Dataiku bundled the takeaways from the survey with a split per industry, thoughts on enterprise AI and additional recommendations in a white paper, entitled ‘From the trenches: a survey report – insights on top challenges from 100+ data professionals’.
The EGG Conference series of Dataiku (‘The human-centered AI conference’) is also about to start again with a first stop in New York in June, followed by London (July), Paris and San Francisco.
These days it’s very hard not to be convinced that AI is omnipresent but we’re not quite there. It remains key to, as IBM’s Ginni Rometty put it at the VivaTech 2019 event in Paris, ‘get the data in shape’ – and that is still a challenge.
As said, it isn’t new.
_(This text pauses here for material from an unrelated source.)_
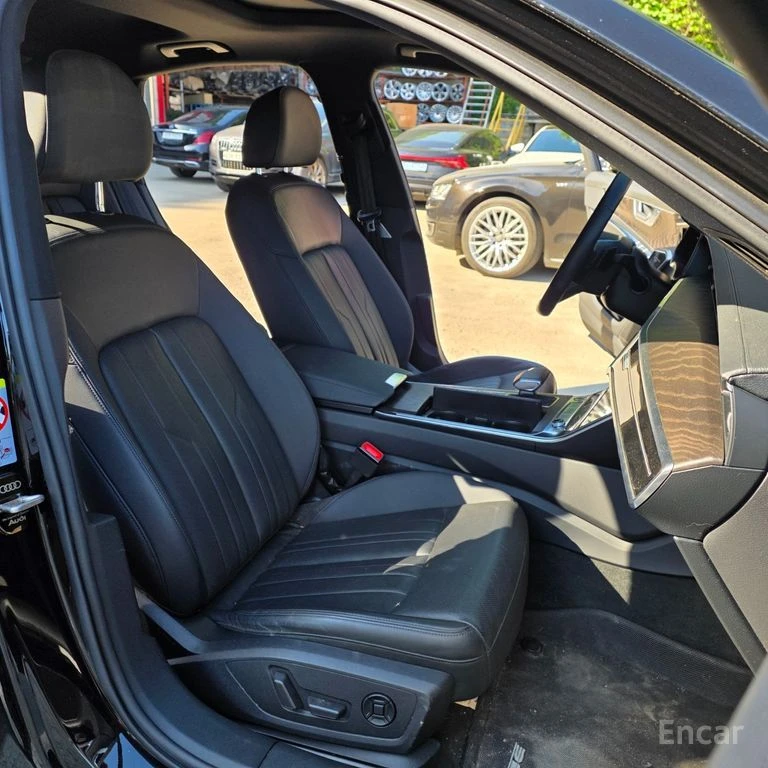 Audi A6 45TFSI* MATRIX* ОБДУХВАНЕ* ДИСТРОНИК* ХЕДЪП* 360КА, снимка 16 - Автомобили и джипове - 55395581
Yet, as the survey from Dataiku indicates it still plays.
Dataiku is an originally French startup, founded in 2013 to solve a challenge in data science: a better collaboration between data scientists, data engineers and business analysts. The company is now active across the globe (also in Australia since early 2019) and in 2019 again was named a challenger in Gartner’s Magic Quadrant for Data Science and Machine-Learning Platforms – for the third year in a row.
All pictures courtesy of their respective mentioned owners.